__WORK TO COMPLETE__:
Copy exactly the lines of the records below, and only those lines, beginning with the line that contains "1524030953525653.png blob.png" and ending with the line that contains "Ribbed Rainbow (pack de 7)".

__INPUT DATA__:
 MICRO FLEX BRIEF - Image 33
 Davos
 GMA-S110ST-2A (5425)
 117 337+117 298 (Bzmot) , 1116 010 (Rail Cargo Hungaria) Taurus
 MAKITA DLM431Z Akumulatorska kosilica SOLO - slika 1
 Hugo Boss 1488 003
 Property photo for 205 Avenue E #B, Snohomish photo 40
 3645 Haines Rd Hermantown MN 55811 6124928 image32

--

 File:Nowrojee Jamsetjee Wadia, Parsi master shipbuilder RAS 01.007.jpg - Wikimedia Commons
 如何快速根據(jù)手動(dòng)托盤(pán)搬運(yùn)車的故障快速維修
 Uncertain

--

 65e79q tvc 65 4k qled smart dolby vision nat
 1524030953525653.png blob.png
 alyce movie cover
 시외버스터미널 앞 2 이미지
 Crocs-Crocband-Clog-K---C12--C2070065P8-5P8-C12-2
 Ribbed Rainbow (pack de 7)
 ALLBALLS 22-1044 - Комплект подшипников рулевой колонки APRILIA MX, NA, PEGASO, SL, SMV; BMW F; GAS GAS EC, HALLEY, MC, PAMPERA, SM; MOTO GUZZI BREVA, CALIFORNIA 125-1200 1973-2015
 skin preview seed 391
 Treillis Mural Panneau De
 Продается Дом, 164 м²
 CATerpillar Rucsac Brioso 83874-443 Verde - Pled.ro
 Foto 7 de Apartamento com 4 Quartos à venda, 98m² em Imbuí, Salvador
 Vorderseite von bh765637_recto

__ANSWER SPACE__:
 1524030953525653.png blob.png
 alyce movie cover
 시외버스터미널 앞 2 이미지
 Crocs-Crocband-Clog-K---C12--C2070065P8-5P8-C12-2
 Ribbed Rainbow (pack de 7)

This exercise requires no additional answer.